I just did my first day’s class 1 work for about three months, and it was a DAF XF. Nice, I thought; I’m familiar with DAFs since I’ve been driving them since my 7.5-tonne days. The job was going from west London up to Leicester, fill up with Walker’s crisps and drop them in west London, then back to the depot.
Only, when I hit the motorway and I started noticing that I was a bit cold, and searched for the heating controls … they were nowhere you could call obvious. Then I looked down at my feet and there they were, hidden below just about everything else. Same controls as on the LF which means there was nothing new to learn, but still, couldn’t they have put them somewhere I can see at a glance, so I don’t have to keep taking my eyes off the road to look for them?

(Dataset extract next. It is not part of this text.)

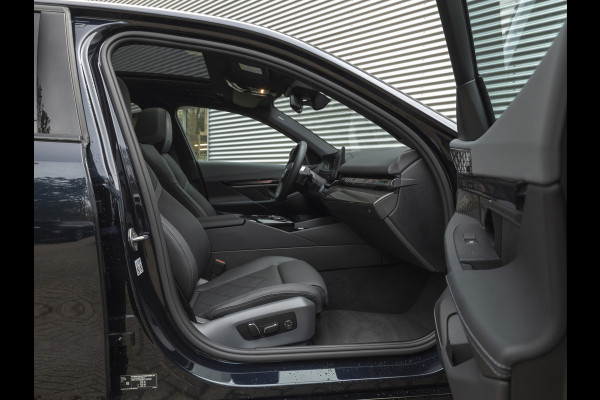 BMW i5 eDrive40 M-Sport Pro - Pano - Driving + Parking Ass Prof - Bowers & Wilkins - Stoelventilatie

I looked at pictures of rivals’ interiors and they all seem to have most of the controls, including the hazards (which are on the central panel on the XF105, not facing the driver) and the ventilation/heat controls on a concave panel so it all faces the driver. DAF seem to be more concerned about modularity, so it’s easier for them to reuse parts for left- and right-hand-drive trucks. The 106 has improved slightly, but the heat controls still look like they’re well out of where the driver would easily see them.
I’ve read reviews of the XF that say that surely it’s about time DAF come up with an alternative to the XF cab which dates right back to the Cabtec days in the early 90s (or perhaps earlier?), and surely they’re right - what an ugly thing it is, looking like lots of little panels bolted together and hardly any curves. But the interior design really needs an overhaul as well.